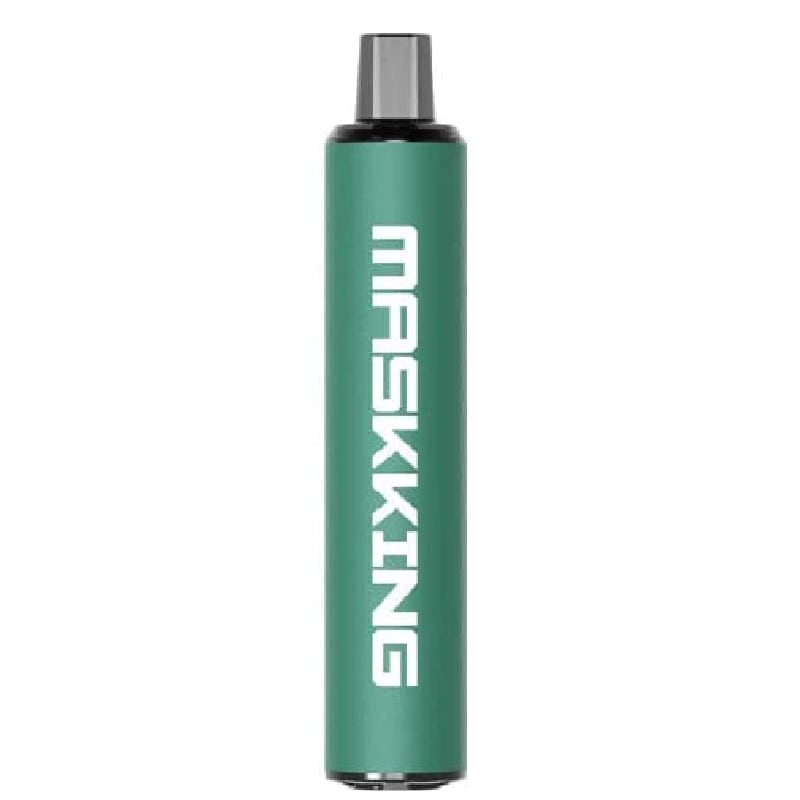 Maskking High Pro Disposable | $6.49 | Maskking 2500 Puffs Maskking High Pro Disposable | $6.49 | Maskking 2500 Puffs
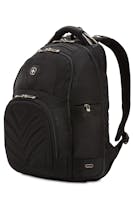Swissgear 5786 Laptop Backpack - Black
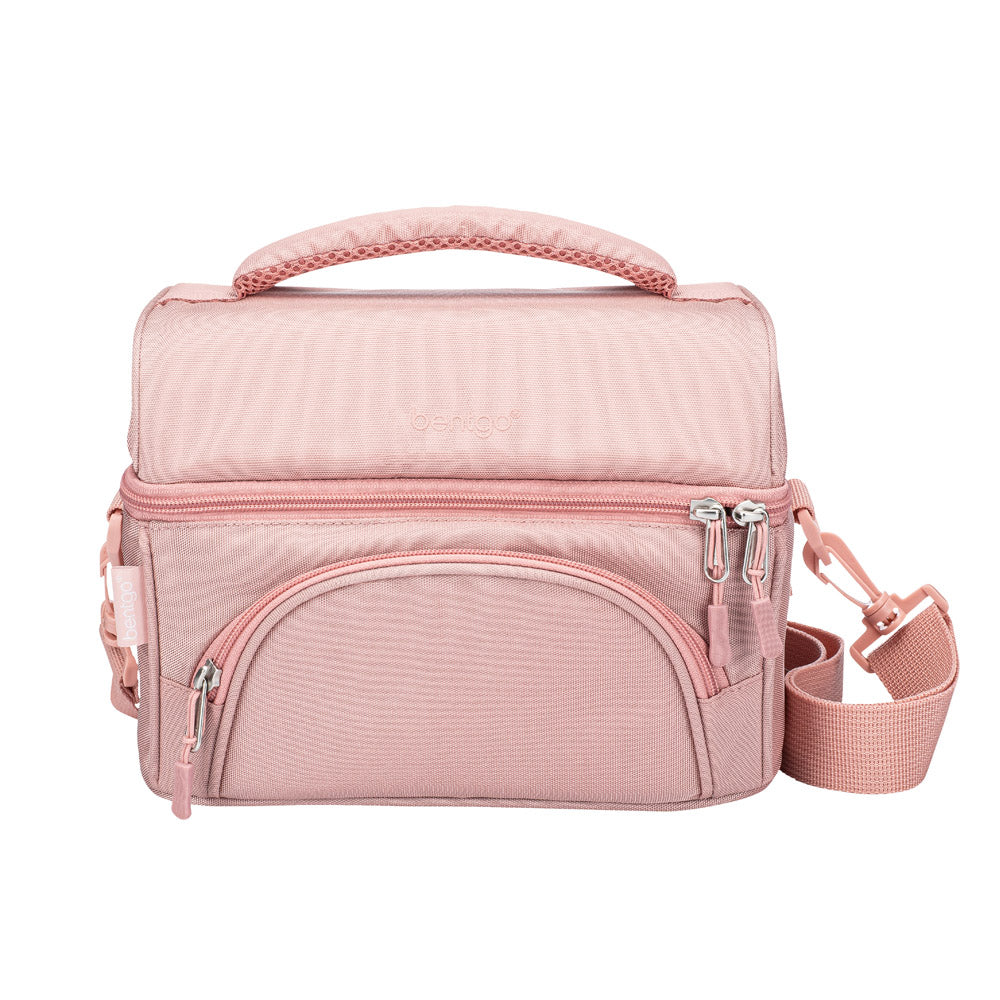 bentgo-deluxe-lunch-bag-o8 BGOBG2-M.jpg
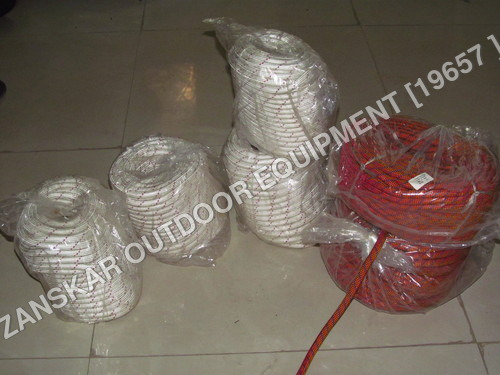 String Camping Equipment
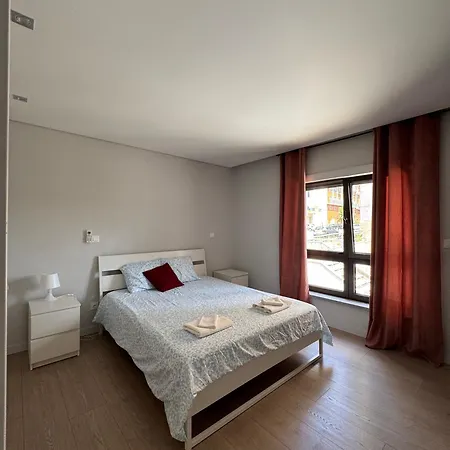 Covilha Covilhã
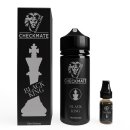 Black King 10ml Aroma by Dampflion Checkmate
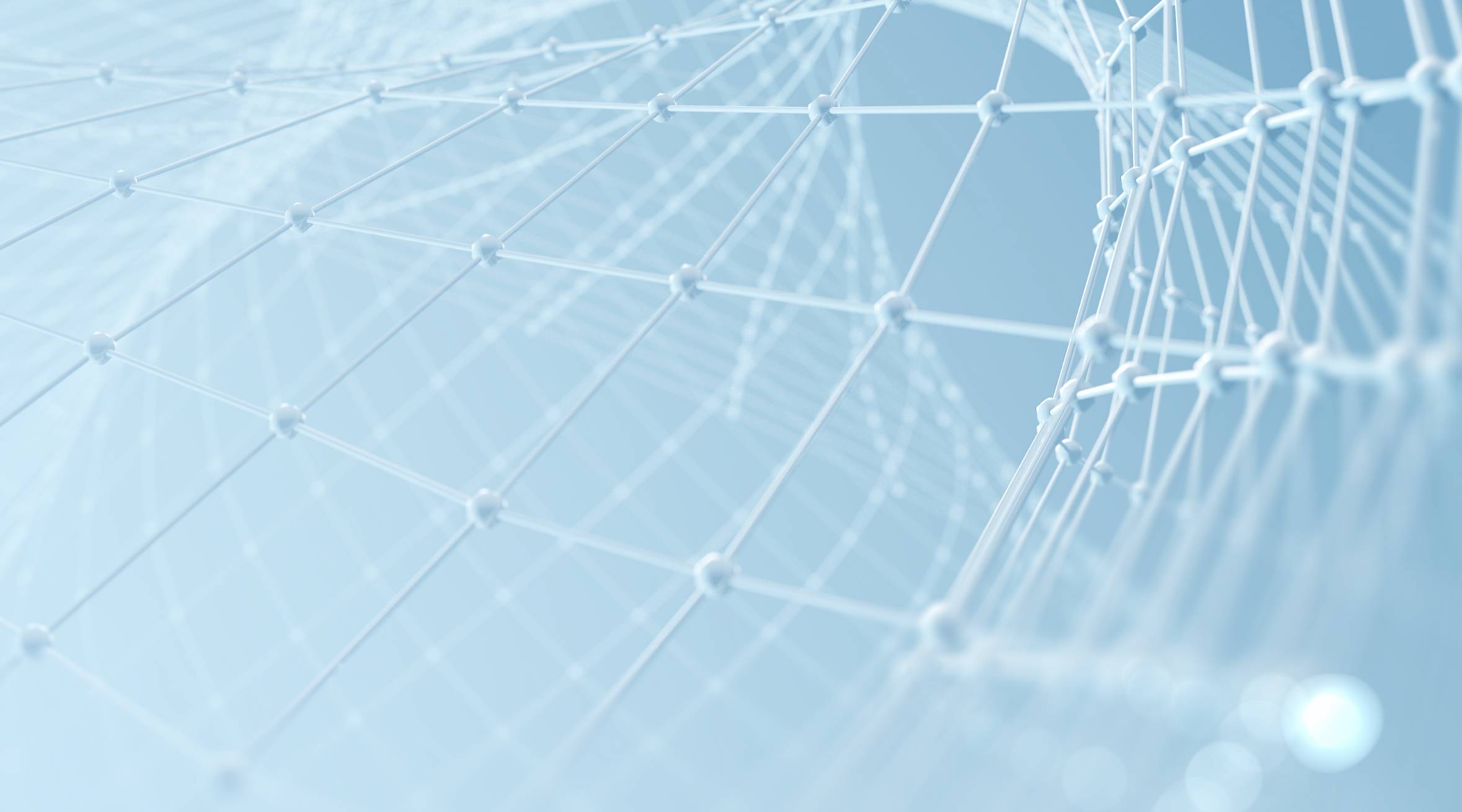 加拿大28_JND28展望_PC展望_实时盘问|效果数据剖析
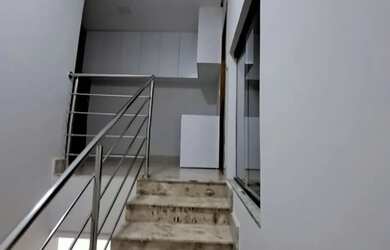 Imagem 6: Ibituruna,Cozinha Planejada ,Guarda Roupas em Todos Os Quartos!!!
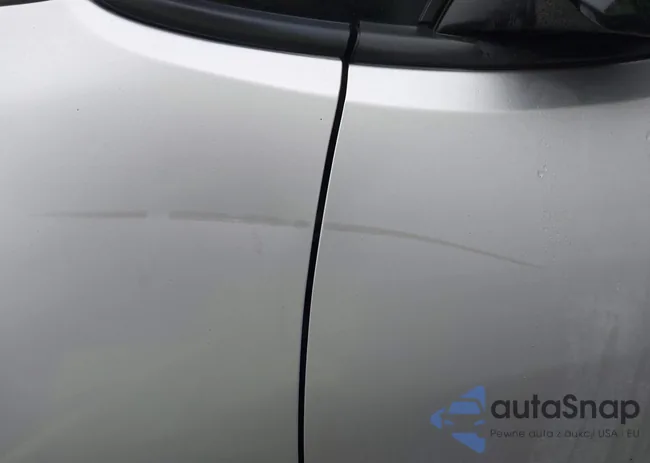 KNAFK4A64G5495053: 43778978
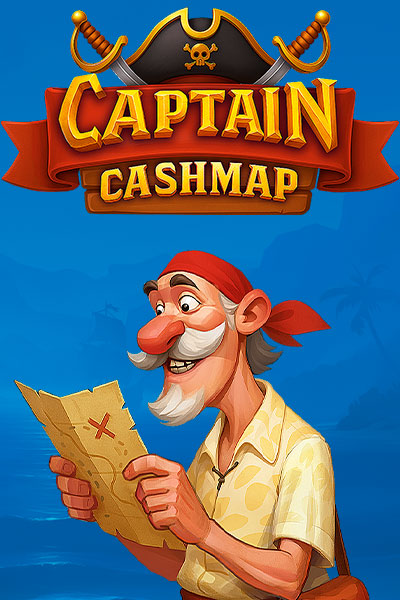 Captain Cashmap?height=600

----------

With the pictures omitted, the material is to be transcribed exactly.

 Maskking High Pro Disposable | $6.49 | Maskking 2500 Puffs Maskking High Pro Disposable | $6.49 | Maskking 2500 Puffs
Swissgear 5786 Laptop Backpack - Black
 bentgo-deluxe-lunch-bag-o8 BGOBG2-M.jpg
 String Camping Equipment
 Covilha Covilhã
 Black King 10ml Aroma by Dampflion Checkmate
 加拿大28_JND28展望_PC展望_实时盘问|效果数据剖析
 Imagem 6: Ibituruna,Cozinha Planejada ,Guarda Roupas em Todos Os Quartos!!!
 KNAFK4A64G5495053: 43778978
 Captain Cashmap?height=600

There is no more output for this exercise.